Another act that stopped traffic (much more than momentarily) was Knower, a trippy duo from Los Angeles made up of primary recording partners Genevieve Artadi and multi-tasking Louis Cole on drums and programming. They were joined on tour by shape-shifting keyboardists Jacob Mann and Rai Thistleway, with Sam Wilkes on a barometric bass. Knower may not break any new ground, but they cover digital territory very well on songs like "Hangin On," "Time Traveler" and "Overtime." Their writing is clever, and tunes like "Butts, Tits, Money" verified they know where the bread is buttered.

Artadi maintained a bouncy abundance of cheerful energy and displayed an attractive, spunky presence. She pranced around stage with engaging vocals while the band rocked along a twisting trail of hyper-hypnotic techno beats. The front-woman also displayed a sense of humor after taking a brief spill during "Pizza," confessing the fall was probably her karma coming due for laughing at other performers' similar mishaps.

GoGo Penguin (Chris Illingworth piano, Nick Blacka bass, Rob Turner drums) have recently garnished a lot of European exposure, often inaccurately billed as electro-type trance wunderkinds. Considering advance publicity, it was a little surprising to find the band's show less packed than some others in the same venue, but that could be due to the amount of recent touring Go Go Penguin has done in the region. To their credit, there were few artifical effects during much of their North Sea set, which was presented as a more traditional piano trio with hard, abstract edges. Doing so, they more than lived up to their hype.

The performer who seemed most likely to make the next step toward major stardom was British singer-songwriter Tom Misch. Misch is a guitarist who inspires comparisons to John Mayer's earlier days with tunes like "Colors of Freedom," "I Wish" and "It Runs Through Me" in a catchy catalog of upbeat romantic romps and heartfelt, bittersweet ballads.

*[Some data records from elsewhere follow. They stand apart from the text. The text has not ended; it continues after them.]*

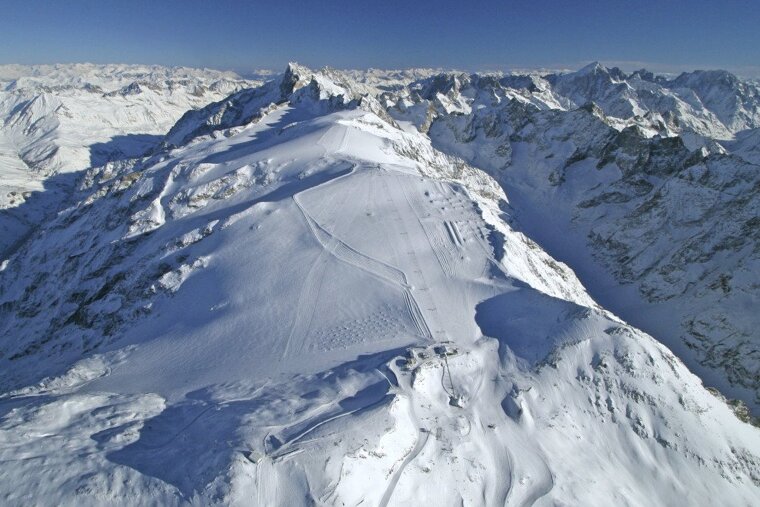 a mountain with lifts on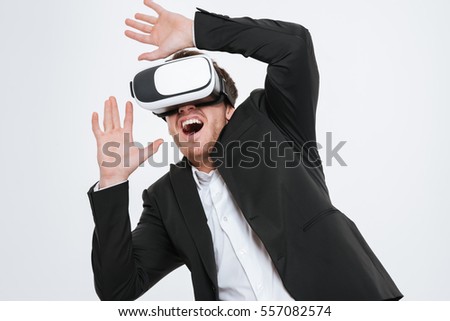 Picture of happy businessman standing at studio wearing 3d glasses virtual reality. Isolated over white background.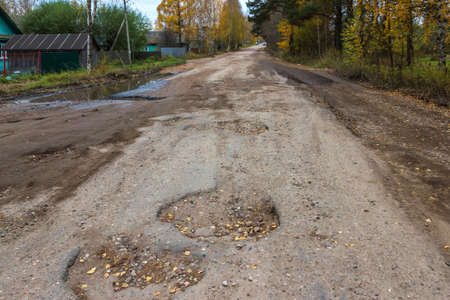 Bad road in the village, holes, hollows. The road to the village is very poorly repaired, the pits appear constantly.の写真素材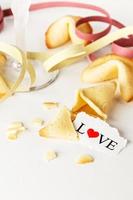 Kekse in Form von Tortellini mit dem Wort Liebe auf Papier und ein Glas Champagner mit Luftschlangen. vertikales Bild. foto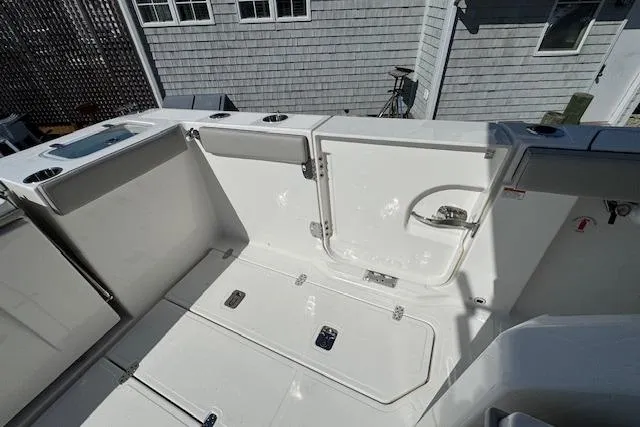 Slide: The Image of 2026 Pursuit S 328 Sport boat deck with storage compartments and clean white finish. - 5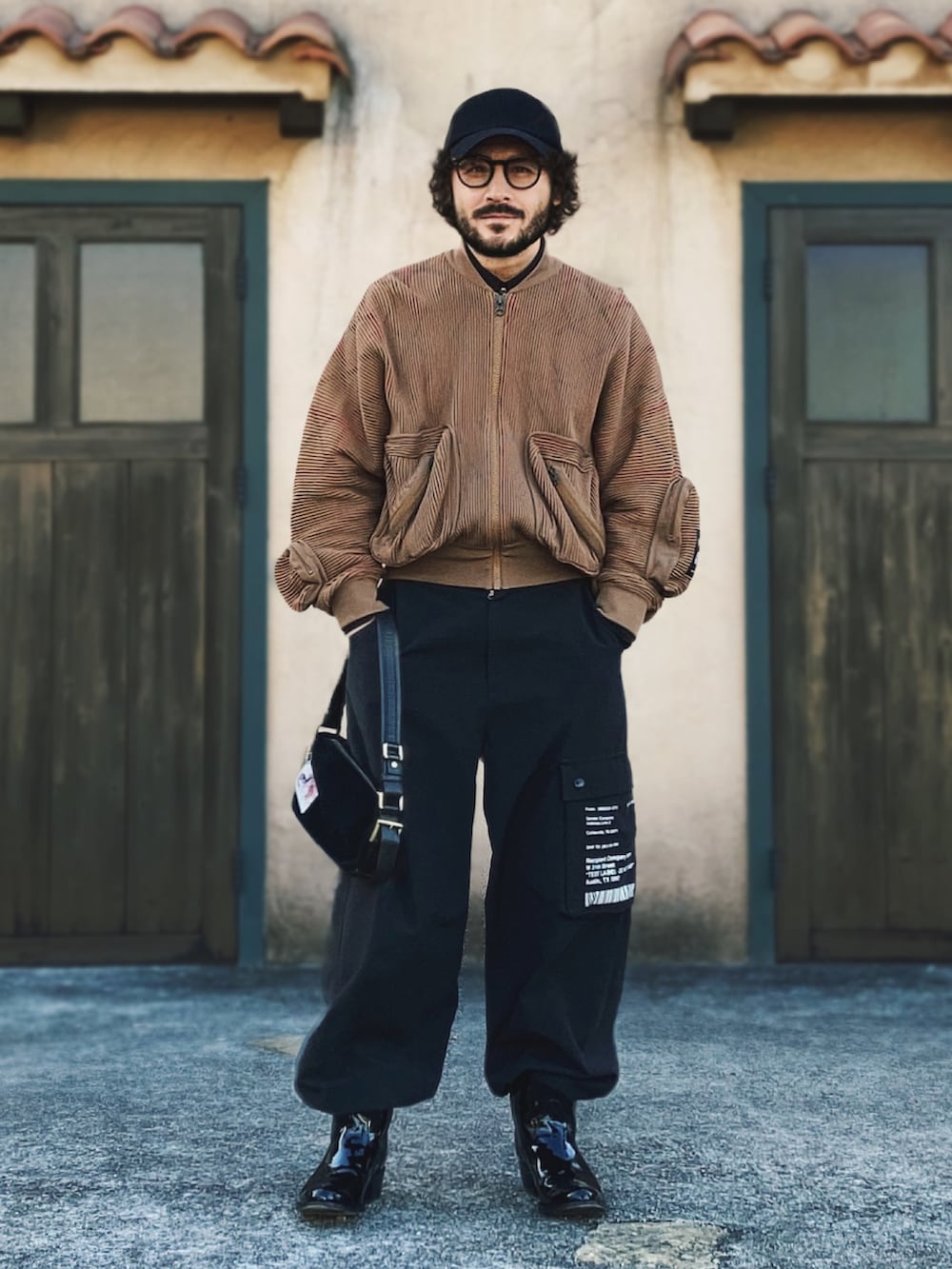 ブラウン系のMA-1、ブラック系のパンツ、ブラック系のブーツを着用したメンズの秋コーディネートの2枚目の写真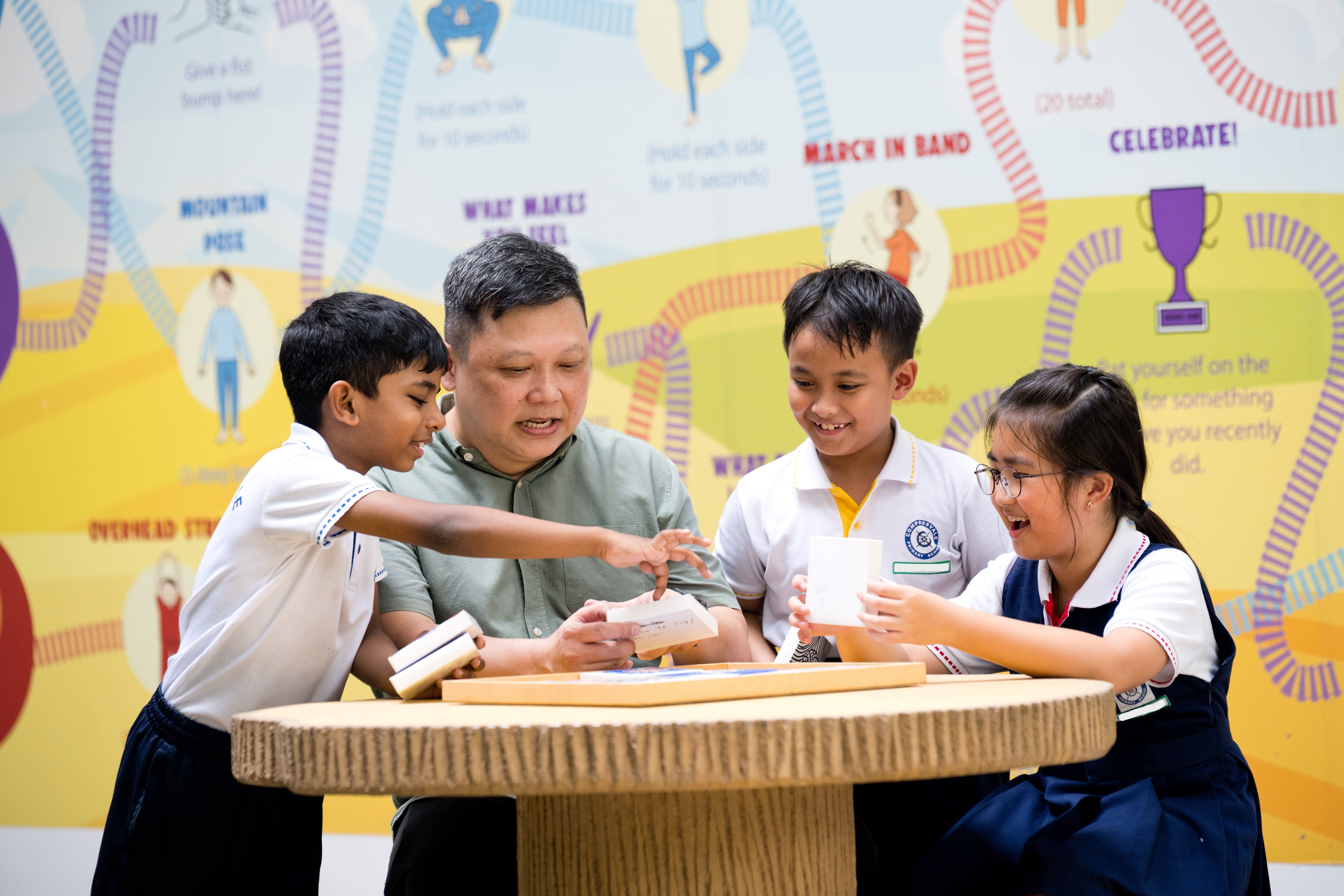 Teacher and three students at a round table, smiling and holding paper cards in a colorful classroom.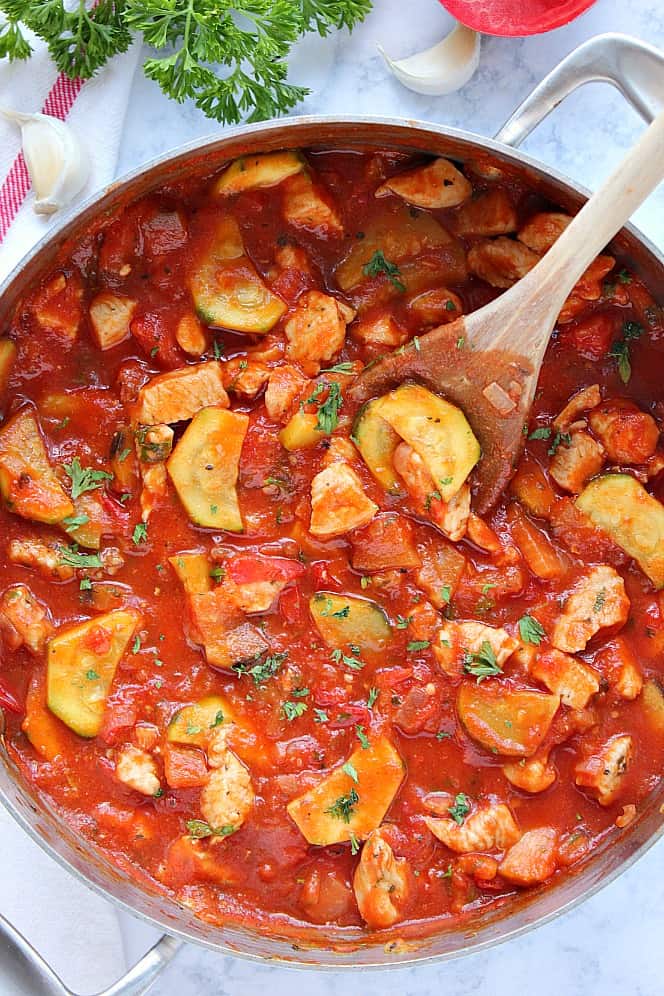 Overhead shot of chicken ratatouille in stainless steel pan.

Misch and an excellent band (Tadgh Walsh-Peelo on guitar/violin, James Creswick on bass, Joseph Price on keys, Jamie Houghton on drums and MC Barnaba Ochora-Isukali) played a memorable set that hinted at major things to come. As they ran through his recent album Geography (2018, Beyond the Groove), standout numbers "Water Babies" and "Movie" certainly made it sound like those in attendance were witnessing a next big thing.

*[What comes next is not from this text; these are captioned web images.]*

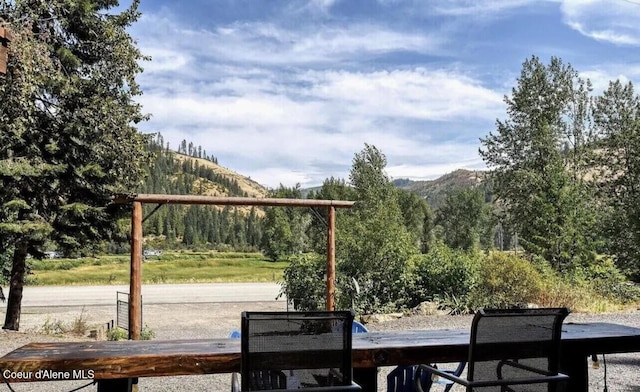 19118 St Joe River Rd, Calder, ID 83808 - wooden deck featuring a mountain view and a wooded view
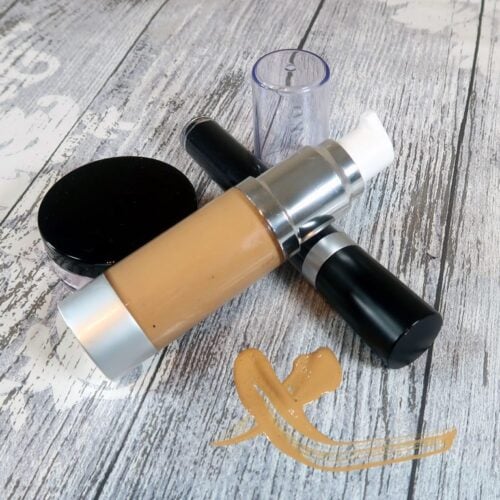Liquid foundation sitting with a blush sifter and mascara tube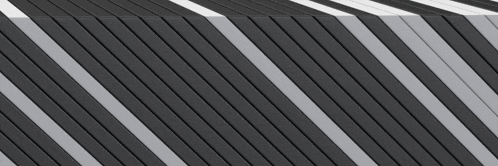 a close up of a black and white striped wall .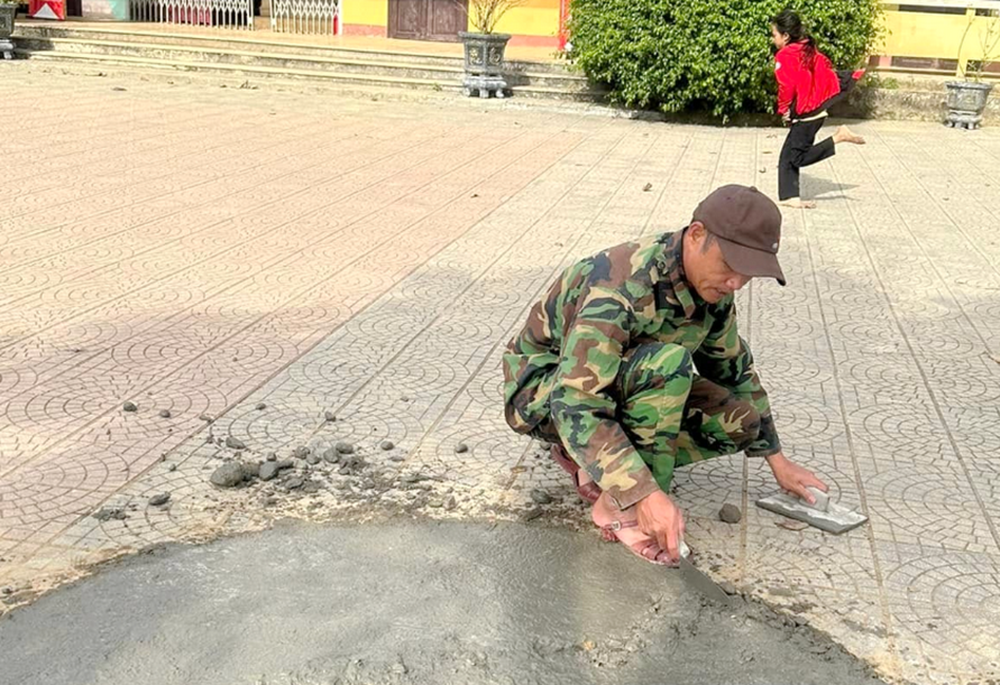 A soldier applies cement over the surface of a playground at a school in Cam Lo, Quang Tri province, just one week after an unexploded shell was safely removed from the site. (NCR photo)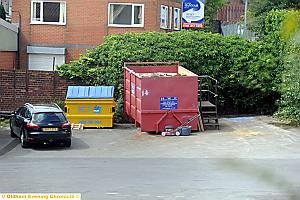 HEAVY load . . . a similar industrial bin (right)
HEAVY load . . . a similar industrial bin (right)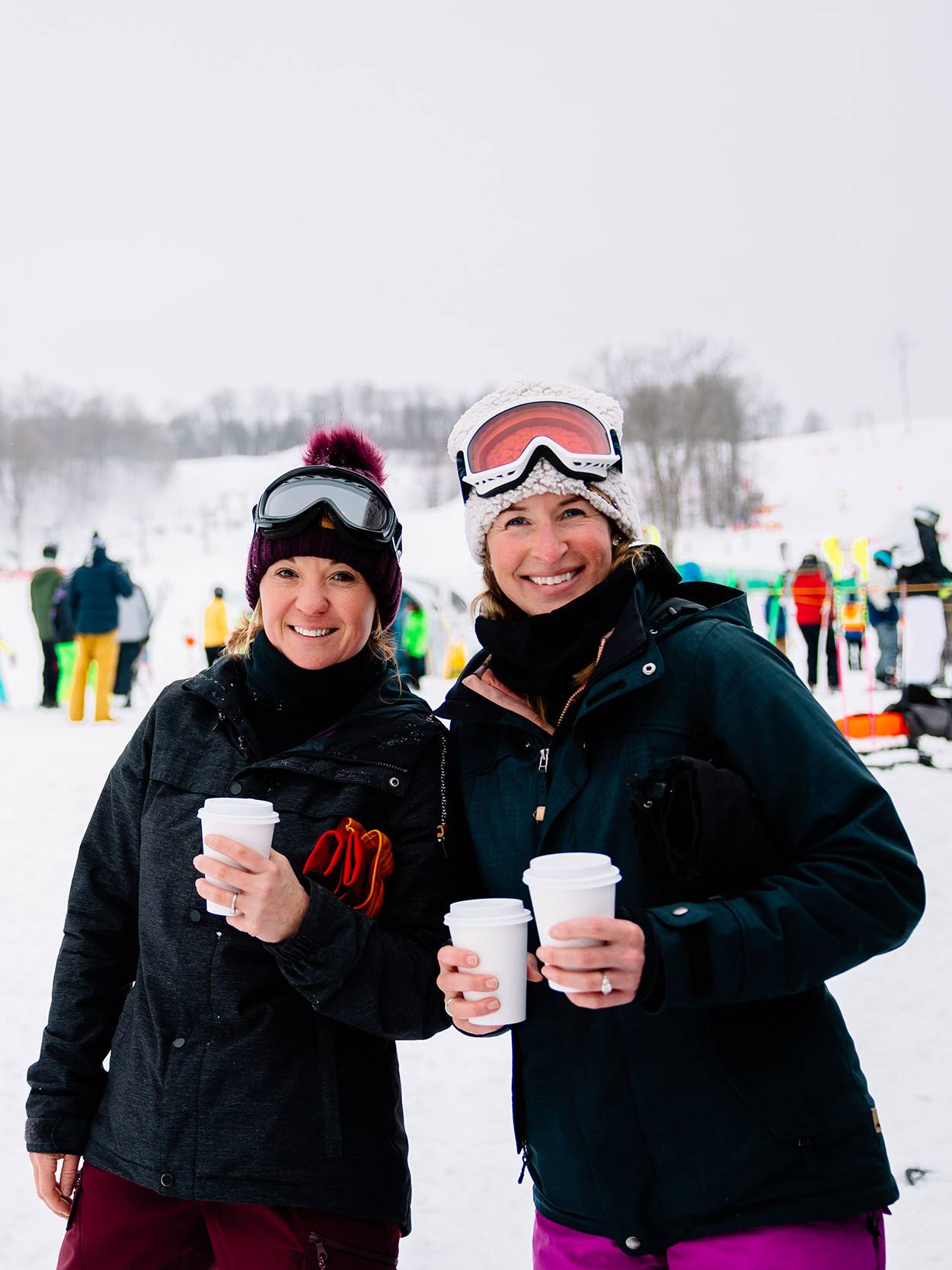 Two women posing with hot chocolate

Prolific Chico Freeman offered another of the scintillating sets that proved whoever the headliners may be, North Sea remains atop the jazz food chain. No frills, just thrills. Freeman arrived with a first rate touring team and they immediately got down to highly satisfying business that inspired a noticeable reaction like the appetizer of a gourmet feast. Varied levels of precision percussion, from pianist Anthoney Wonsey plus Anthony Kerr on vibes and especially drummer Rudy Royston; were nearly worth the price of festival admission alone, expertly grounded by bassist Kenny Davis. With every layer of tenor Freeman laid down, tickets seemed like more and more of a bargain.

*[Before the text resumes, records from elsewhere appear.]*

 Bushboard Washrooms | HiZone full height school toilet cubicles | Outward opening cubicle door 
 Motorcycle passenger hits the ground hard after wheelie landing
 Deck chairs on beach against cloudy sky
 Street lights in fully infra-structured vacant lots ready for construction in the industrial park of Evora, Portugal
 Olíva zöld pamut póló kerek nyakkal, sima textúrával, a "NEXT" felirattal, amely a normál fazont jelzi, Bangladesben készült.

Contrary to many of the weekend's largest audiences, most people that got in before the rush didn't depart after a few songs in search of other green pastures. The result was a line that kept growing, like the cheers from the crowd and the forces of Freeman's set which included a riveting rendition of McCoy Tyner's "African Village." It was nice to see an elder, relatively unheralded jazz statesman like Freeman get the full house of enthusiastic accolades he deserved.

The only limitations at NSJ are an unavoidable lack of time and space. This year there were typical quandaries involving stellar attractions during identical time slots. Pharoah Sanders, Earth, Wind & Fire, or Sons of Kemet? The depth of daily programming means decisions, decisions and luxury problems. In fact, whatever the choice; one way or another, luxury listening remains the theme song of North Sea Jazz.